The last 3 miles of this course are nearly all uphill, what the organizers call the "signature" of the course, where the real separation of the pack happens. I was ready and had left some juice in the legs for just this reason. At Mile 11 I let 'er rip straight up a 12% grade hill, glad I wasn't wearing my heart rate monitor :). I crossed Mile 12 at 1:48 and couldn't help but smile. Going home girl! Warrior! At Mile 13 there was one more short climb (gahh!! :)), and I emptied out the legs.
"Congratulations – you are a member of the Sub-2-Hour Club!" shouted the announcer as I triumphantly sailed across the Finish line at 1:58. Tears of joy streamed down my face as I hugged Steve and bawled my eyes out. It had been an arduous hard road to this moment, but it was surely worth it.

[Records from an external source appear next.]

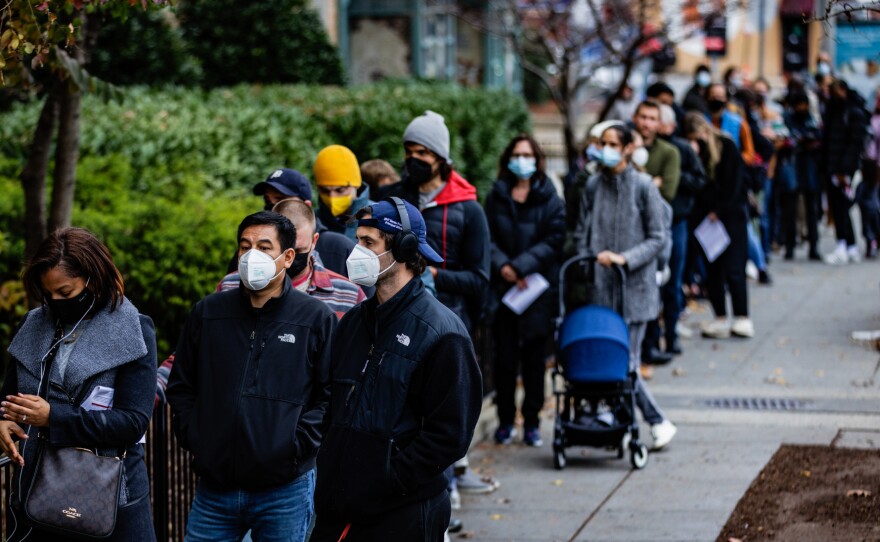 People line up outside of a free COVID-19 vaccination site on December 3, 2021 in Washington, DC. Many areas are stepping up vaccination and booster shots as more cases of the omicron variant are detected in the U.S.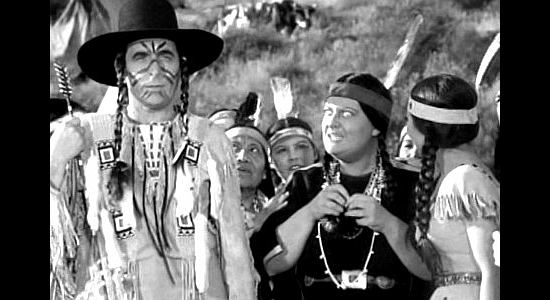 Douglass Dumbrille as Jake Rainwater, promising to arrange a bow-and-arrow wedding for Moonbeam (Jody Gilbert) in Ride 'Em Cowboy (1942)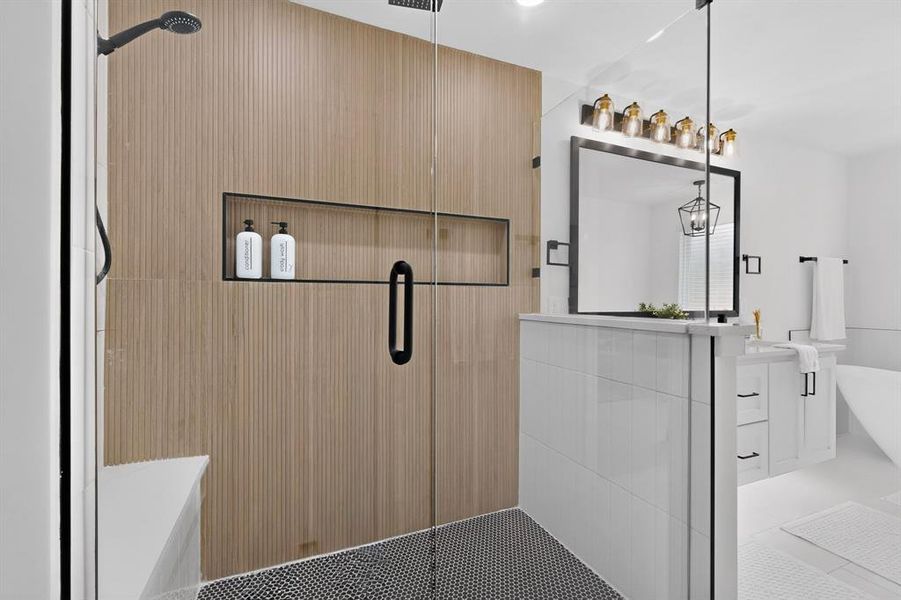 Spacious walk-in shower featuring a glass enclosure with matte black hardware, textured wood-finish wall tile, a built-in shower niche, and a contrasting black and white mosaic tile floor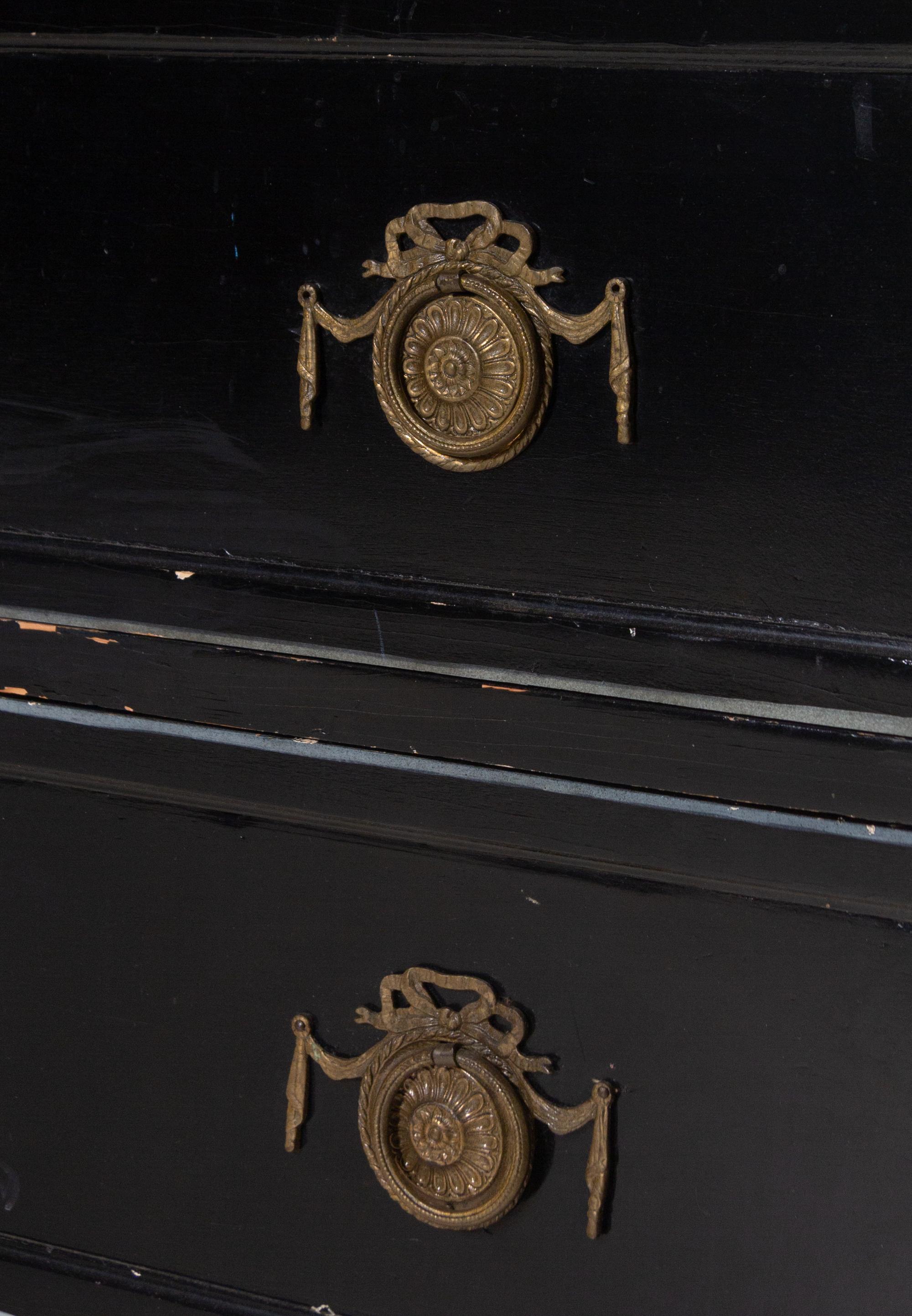 An Italian Gilt Metal Mounted Ebonized Chest of Drawers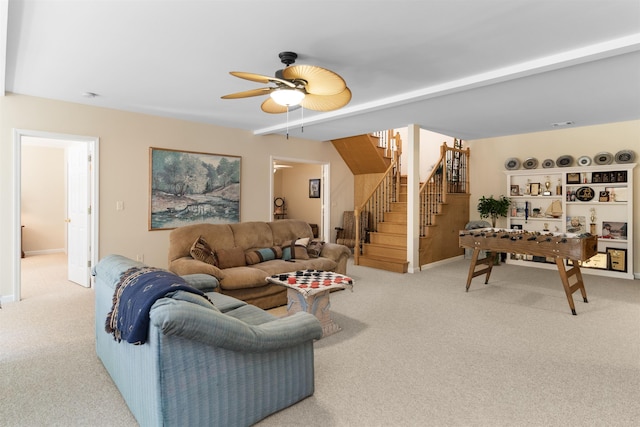 living room featuring beamed ceiling, light colored carpet, and ceiling fan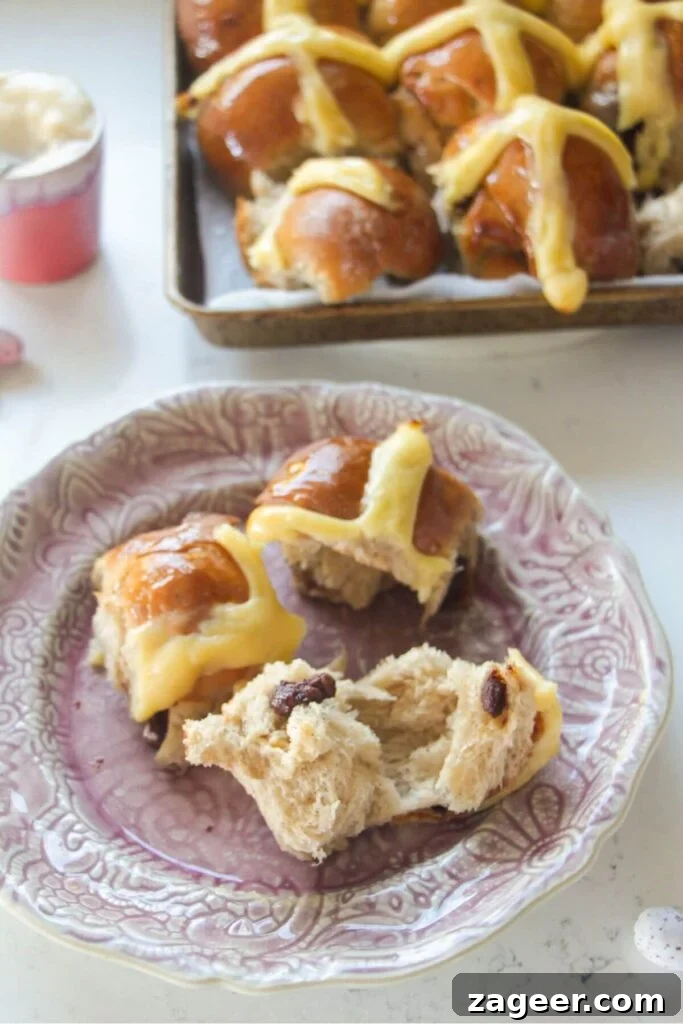 Easter Mini Egg Chocolate Hot Cross Buns 17 Torn open mini egg hot cross bun on a pink plate with more hot cross buns in the background.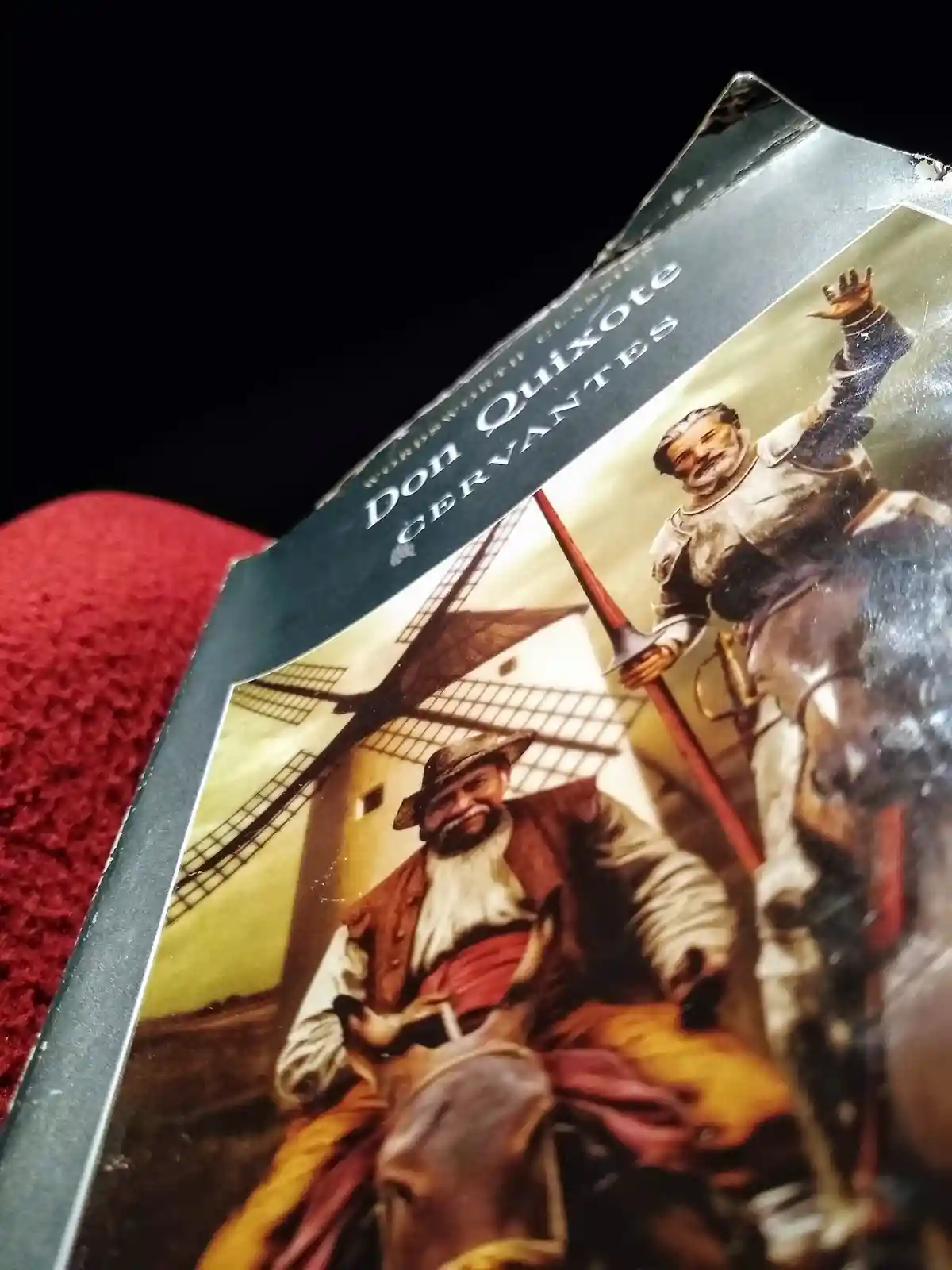 A close-up, angled shot of a worn paperback book cover for 'Don Quixote' by Cervantes, showing the illustrated cover art of…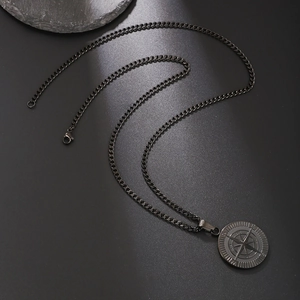 Close-up of a matte black compass coin pendant on a thick curb chain for men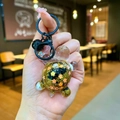 Nahaufnahme der Glitzer-Schildkröte-Schlüsselanhänger mit goldenen Pailletten und Blumen - Farbige Hardware Leuchtende Funkelnde Schildkröte / Schwarz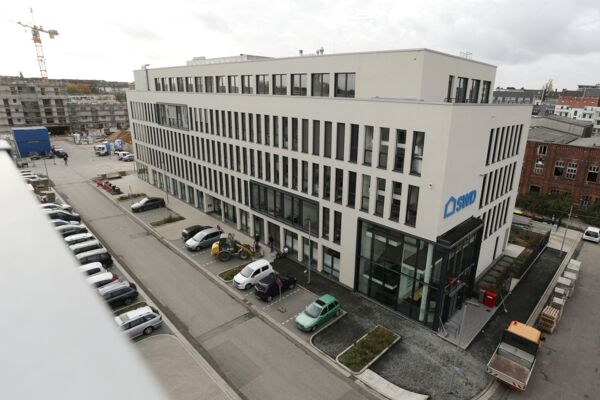 Modernes Firmengebäude von einer erhöhten Perspektive aus fotografiert, zeigt Parkplatz und umliegende Bebauung.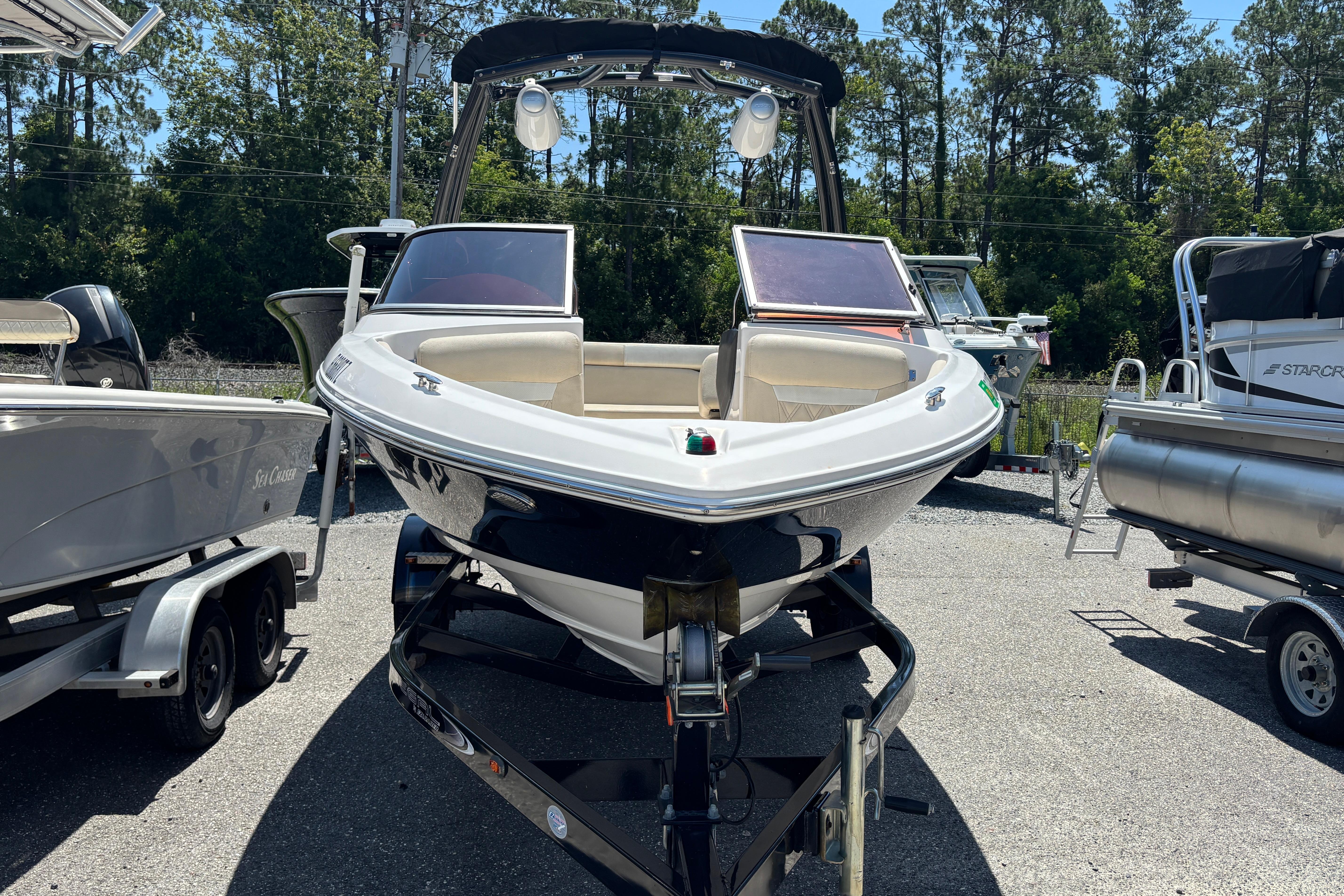 2018 Regal 1900 ES Bowrider boat on trailer, parked outdoors, surrounded by trees.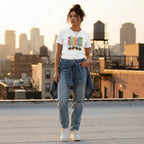 Latina woman wearing a white autism awareness patchwork panel t-shirt.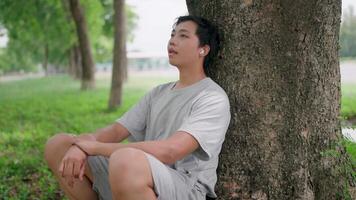 Asian man leaning on a tree thinking outside sitting on floor, He thinking about life, looking forward with hope and wearing AirPods while relaxing in a park, Healthy lifestyle, Relaxation. video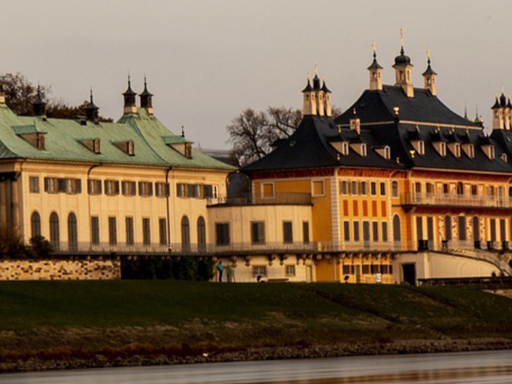 Das Schloss Pillnitz, fotografiert von der anderen Elbseite aus. Die Abendsonne taucht das Schloss in warmes Licht.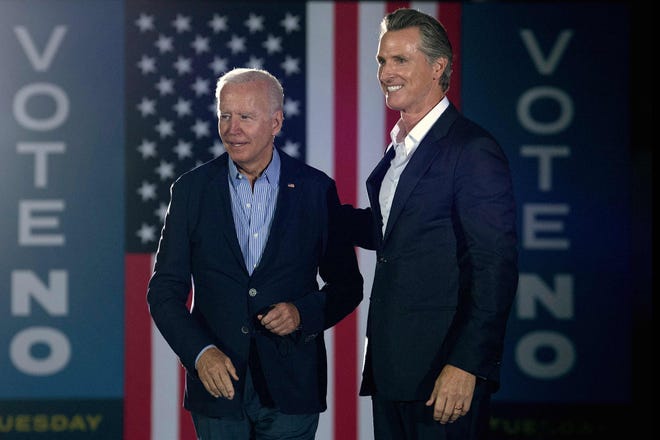 California Gov. Gavin Newsom greets President Joe Biden during a campaign event in Long Beach on Monday night.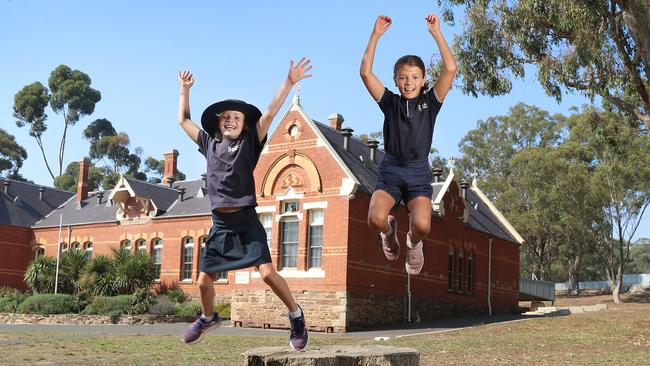 Natalie Egleton and her daughters Alice, 8 , and Essie, 10, at school for the $250k donation by News Corp to the rural and regional schools fund to help children in bushfire affected communities. .Picture: Alex Coppel.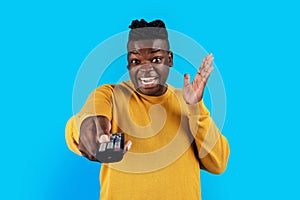 Black man holding remote control in hand and pointing it at camera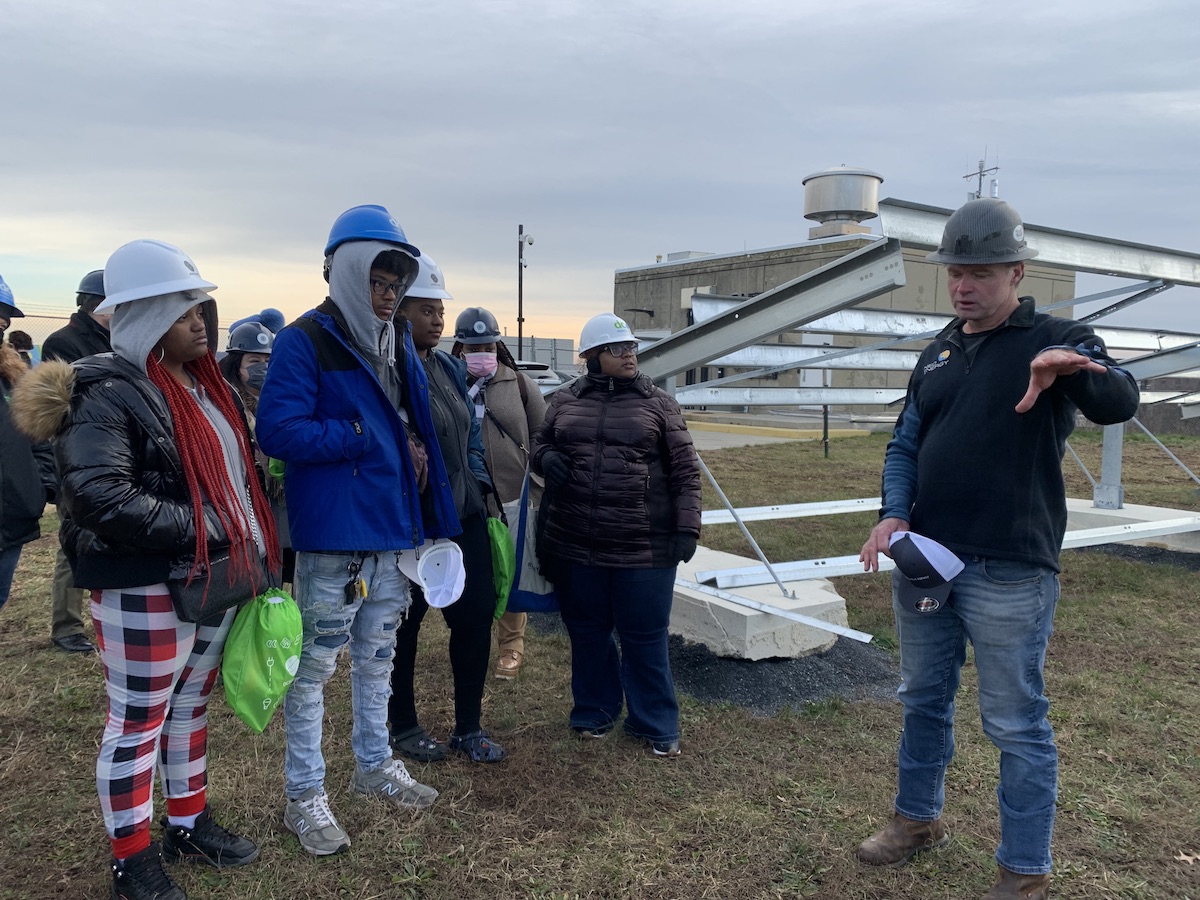 Students from KIPP DC College Prep tour a solar facility and speak with leaders involved in the project's construction on Dec. 19. (Kayla Benjamin/The Washington Informer)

Sitting here writing this, it's occurred to me that had I not been plagued with injuries last year, I might not have scrutinized everything in my training. I certainly wouldn't have taken the opportunity to make some much needed changes that today have brought rewards and satisfaction I couldn't begin to imagine this time last year. I've come to more humbly appreciate that in every trial there is a great opportunity for real growth and improvement. I pray that we as a culture recover the lost art of patience and perseverance and take trials for what they are – an invitation to blessing. It's what made our nation great.
Romans 5:3-5 (English Standard Version) 3More than that, we rejoice in our sufferings, knowing that suffering produces endurance, 4and endurance produces character, and character produces hope, 5and hope does not put us to shame, because God's love has been poured into our hearts through the Holy Spirit who has been given to us.